Eisai's Dayvigo gets approval in Hong Kong

Japanese drug major Eisai (TYO: 4523) says that its Hong Kong subsidiary Eisai (Hong Kong) Co has obtained approval for the in-house-discovered and developed orexin receptor antagonist Dayvigo (lemborexant) for the treatment of adults with insomnia, characterized by difficulties with sleep onset and/or sleep maintenance.

This approval is the first approval for Dayvigo in Asia outside of Japan. The drug was approved by the Food and Drug Administration in 2019, and was launched onto the American market in June 2020, when it became first new insom.nia prescription drug to be launched in the USA for five years. It is also approved in Canada.

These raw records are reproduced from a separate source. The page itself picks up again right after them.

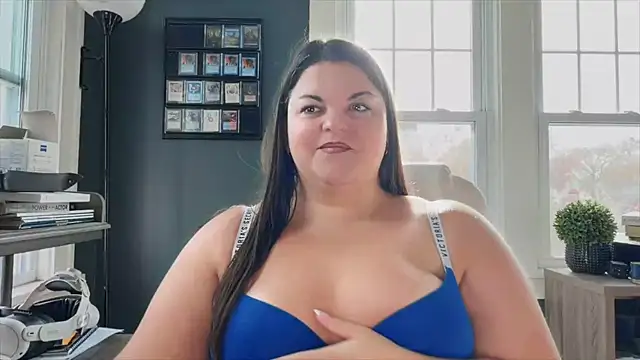 Snapshot of PlayWithBrittany chatting on 11.07.25 PlayWithBrittany online show from 11.07.25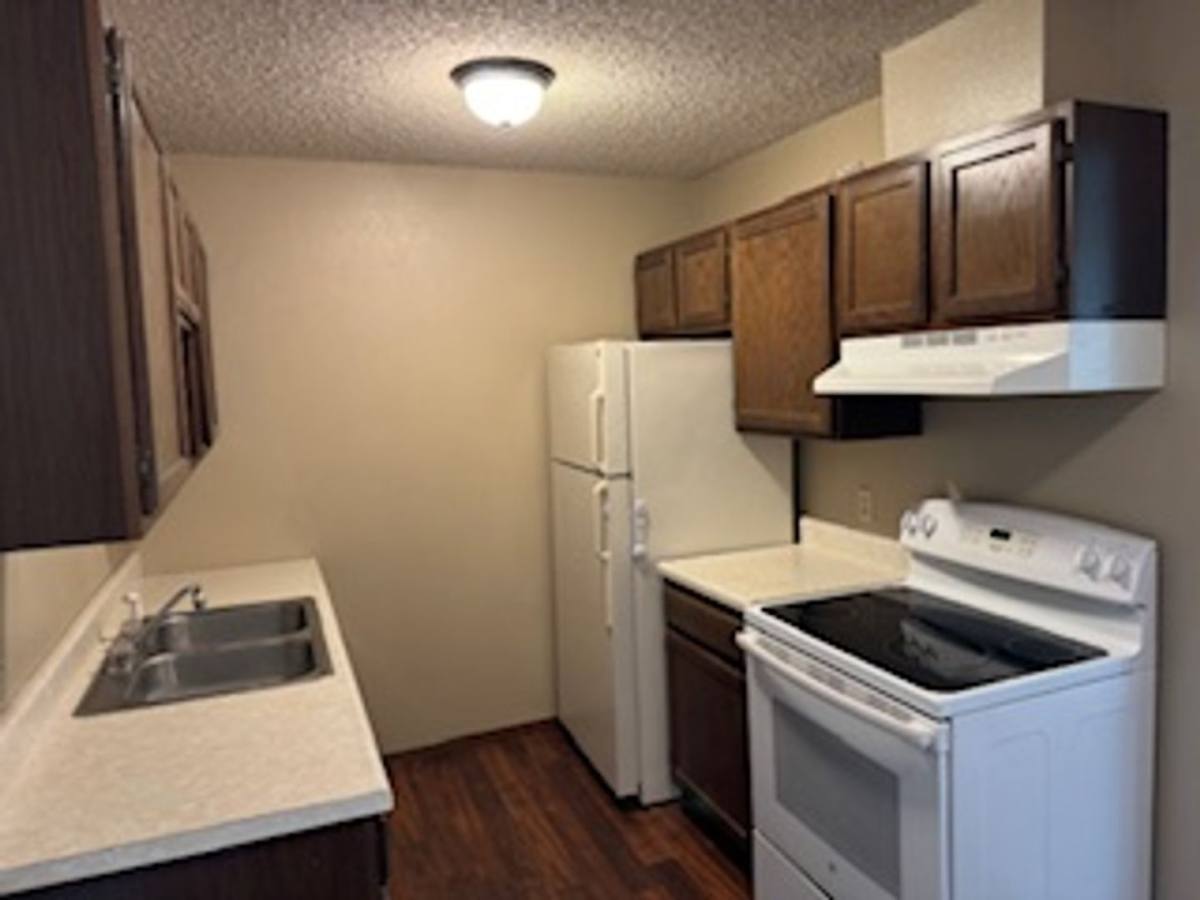 Apartment for rent at 3621 Sager Ave, Waterloo, IA 50701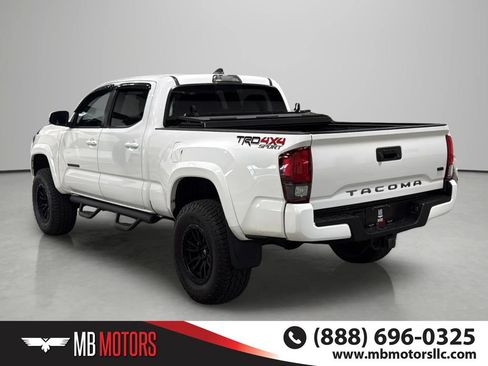 Used 2019 Toyota Tacoma SR5 AWD/4WD image 5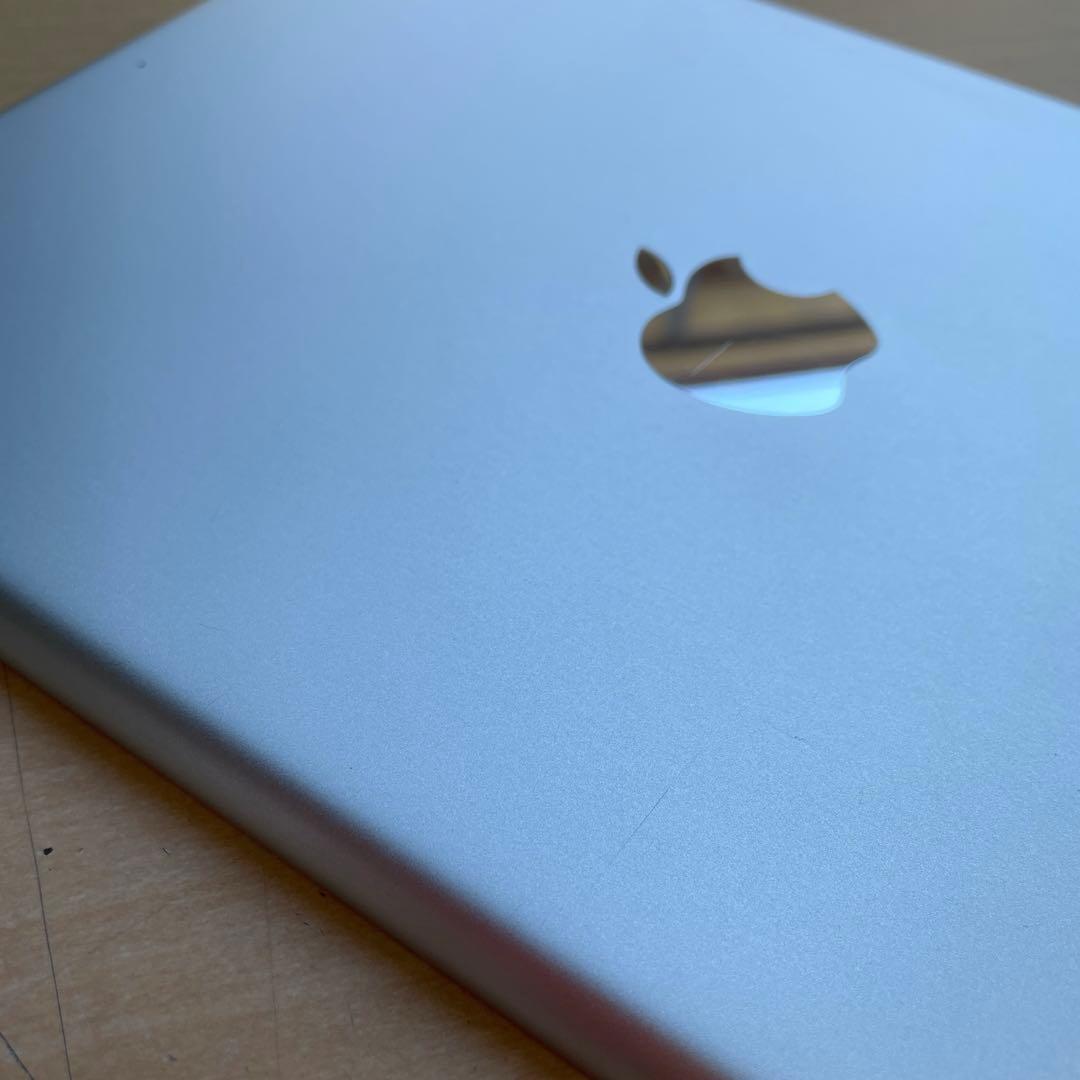 iPad 第6世代　A1893　Wi-Fiモデル　シルバー　32GB #5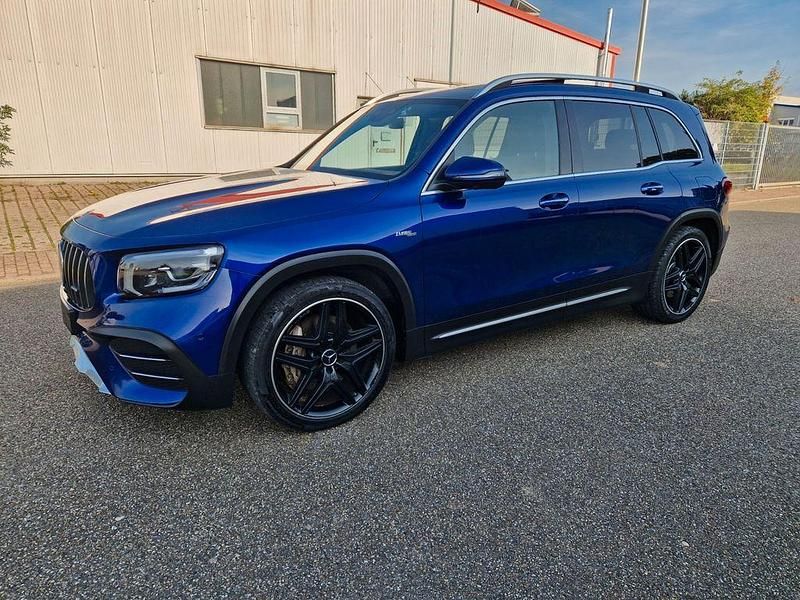 Blau Gebraucht 2020 Mercedes GLB35 AMG SUV | 35.900 € (Fairer Preis) - Bild 1/4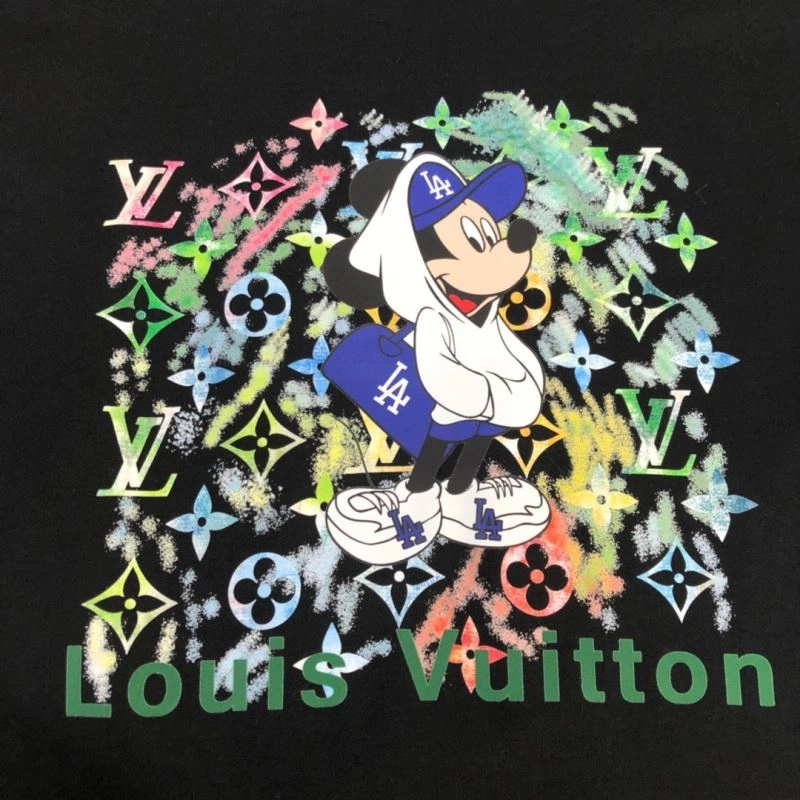 Louis Vuitton T-Shirts FashionForward 137255
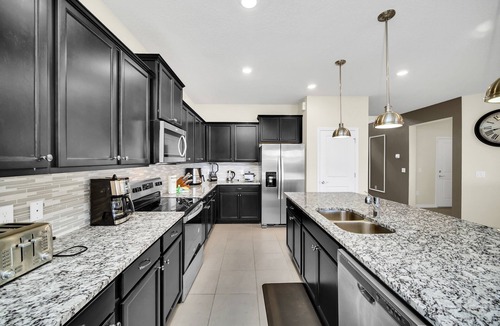 Davenport Villa | Villa with Heated Pool+Spa - Near Disney, Universal Studios and Beaches!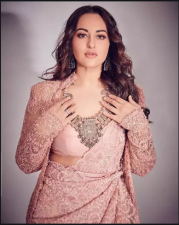 After the warrant was issued, Sonakshi broke the silence, said- 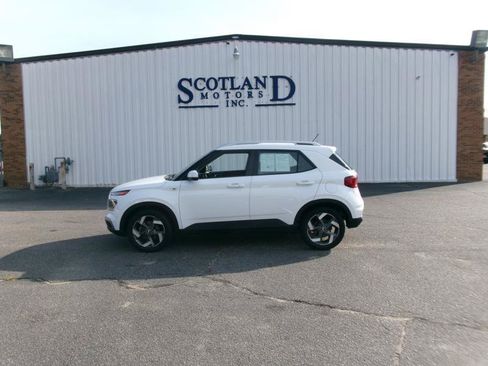 Used 2025 Hyundai Venue SEL FWD image 1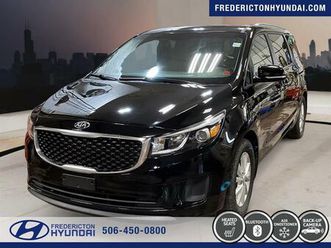 kia sedona 2017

Dayvigo is a dual orexin receptor antagonist that inhibits orexin neurotransmission regulating sleep-wake rhythm by binding competitively to the two subtypes of orexin receptors (OX1R and OX2R). Dayvigo acts on the orexin neurotransmitter system and is believed to facilitate sleep onset, sleep maintenance, and wake by regulating sleep-wake rhythm. Dayvigo binds to orexin receptors OX1R and OX2R and acts as a competitive antagonist with stronger inhibition effect on OX2R, which suppresses both REM and non-REM sleep drive, such that the drug may provide faster sleep onset and better sleep maintenance to patients.

In Asia, Eisai has currently submitted applications to the respective regulatory authorities in India, Indonesia, Malaysia, the Philippines, Singapore, Taiwan and Thailand, and plans to further expand submissions of applications for approval in other countries.